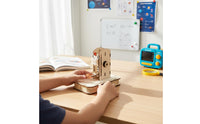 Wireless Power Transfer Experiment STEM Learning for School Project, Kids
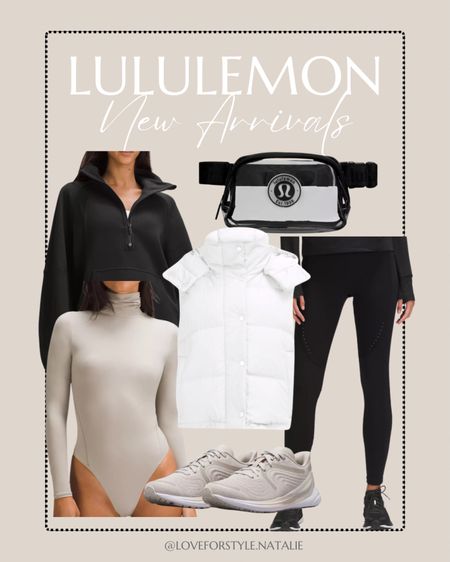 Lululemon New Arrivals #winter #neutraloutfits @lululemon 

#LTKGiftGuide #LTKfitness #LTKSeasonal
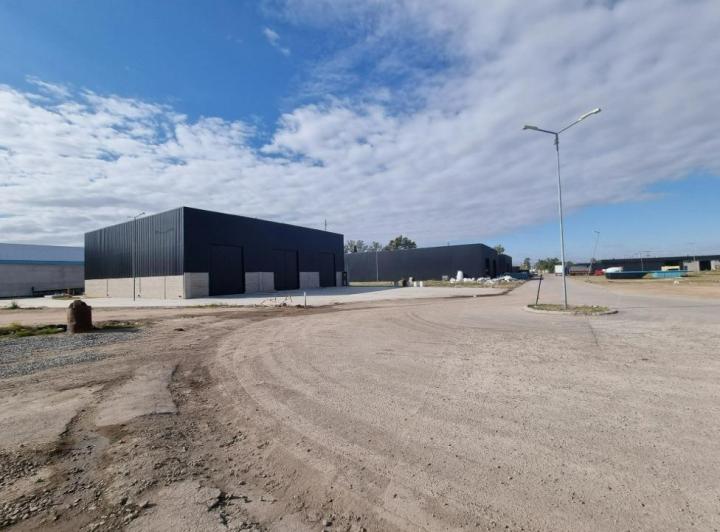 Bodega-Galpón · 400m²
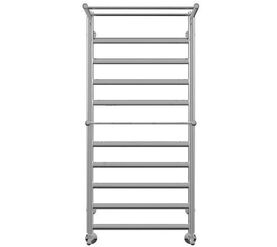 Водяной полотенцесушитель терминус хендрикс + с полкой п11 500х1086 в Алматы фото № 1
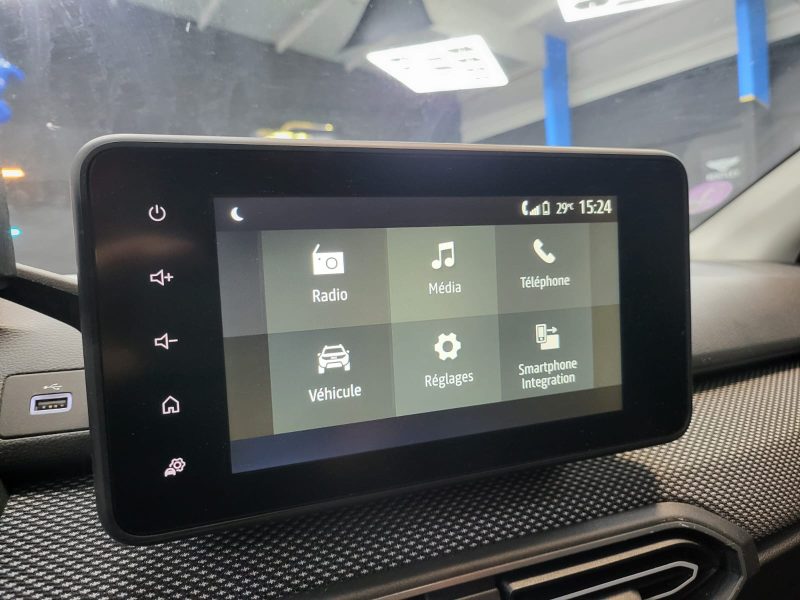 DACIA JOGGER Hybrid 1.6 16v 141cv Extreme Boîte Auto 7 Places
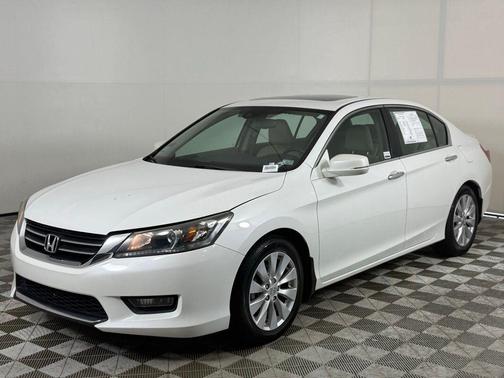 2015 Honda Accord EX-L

========

* Action item:
Without any pictures, retype the records above exactly.

* Answer for this exercise:
 Wireless Power Transfer Experiment STEM Learning for School Project, Kids
 Lululemon New Arrivals #winter #neutraloutfits @lululemon 

#LTKGiftGuide #LTKfitness #LTKSeasonal
 Bodega-Galpón · 400m²
 Водяной полотенцесушитель терминус хендрикс + с полкой п11 500х1086 в Алматы фото № 1
 DACIA JOGGER Hybrid 1.6 16v 141cv Extreme Boîte Auto 7 Places
 2015 Honda Accord EX-L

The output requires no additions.